I have been having a ridiculous amount of fun with Alien Frontiers. For me, one of the signs of a really great game is that no matter what the end result is, you enjoyed yourself playing it. I’ve been on the end of some utter hammerings but there hasn’t been a single time I’ve walked away from it with a frown. Admittedly the game is not for everyone – it’s the very dictionary definition of a dicefest – but even the most staunch Eurogamer would do themselves well to give this a try. It challenges you to think creatively about what you need to do to stay ahead of your opponents, even if you’re having a poor run with your dice. The game is well balanced too – even if you don’t manage to get your hands on extra ships early on, with judicious play (and good use of the more aggressive Alien Tech Cards) you’ll easily keep in contention with other players.

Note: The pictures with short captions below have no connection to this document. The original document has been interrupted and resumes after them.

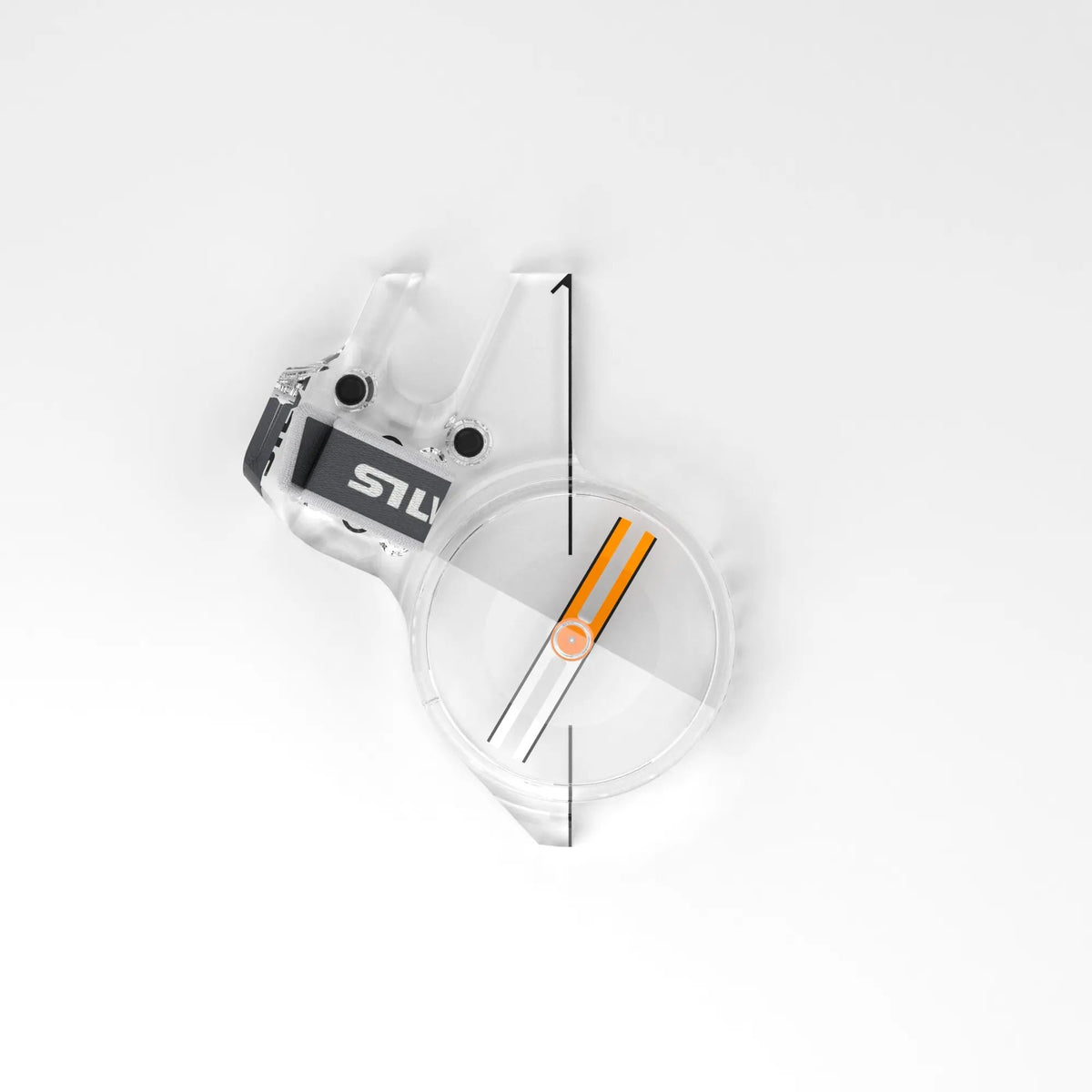 SILVA - Arc Jet C Left Thumb Compass for Orienteering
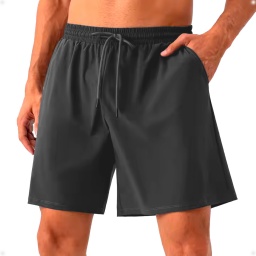 Short Bermuda Deportiva Clsica Gris Talla L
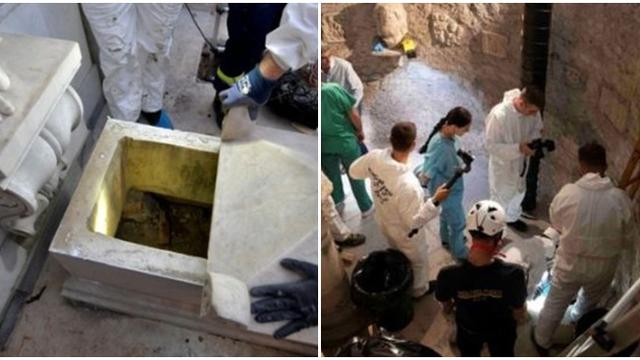 Cari Orang Hilang, Tim Ini Justru Temukan Ribuan Tulang di Dalam Vatikan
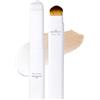 SONGVISON Fondotinta stick che cambia colore, trucco a copertura totale di ispirazione coreana con pennello rimovibile, correttore idratante per un effetto luminoso e fresco, perfetto per ogni tipo di pelle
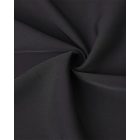 Drawstring Waist Roll Tap Sleeve Classic Trench Coat Lapel Overcoat Outerwear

Considering this is the first large-scale release from Clever Mojo Games, I was blown away by the production quality. Components are sturdy and of a high standard. The art throughout the game is gorgeous, reminiscent of schlocky sci-fi novels from the 1950s. As with many games that I return to again and again, there’s loads of little things that bring a smile to my face that combine to add to the experience. The face that the planetary bonuses have little dotted lines linking them to the facility they effect (that took a few games before I noticed it). The ‘Assembled on Earth’ tagline on the back of the scoring track. The simple iconography on the board and cards that help make everything really easy to remember. The fact that a semicircle is cut out of the side of the box so it’s easier to get the board out! Amazing!

Obviously, these tiny decisions would mean nothing if the game wasn’t any good, but thankfully it’s beyond that. Alien Frontiers has won many accolades since the release of the first edition late last year, winning fans around the world – and there’s a simple reason for that. Alien Frontiers is a brilliant game, a pile of fun that appears light and throwaway at first but reveals a deeper game as soon as those first dice are thrown. Do what you can to make sure you add a copy of the third printing to your collection the moment it’s released. This, seriously,  is a must have title.

Alien Frontiers was originally released in 2010 by Clever Mojo Games. Designed by Tory Niemann with art by Mark Maxwell, between two and four players can live out their dreams of planetary domination in around 90 minutes. Copies of the second printing are still available in very limited quantites for around £30-35 – the third printing will be available later in the year.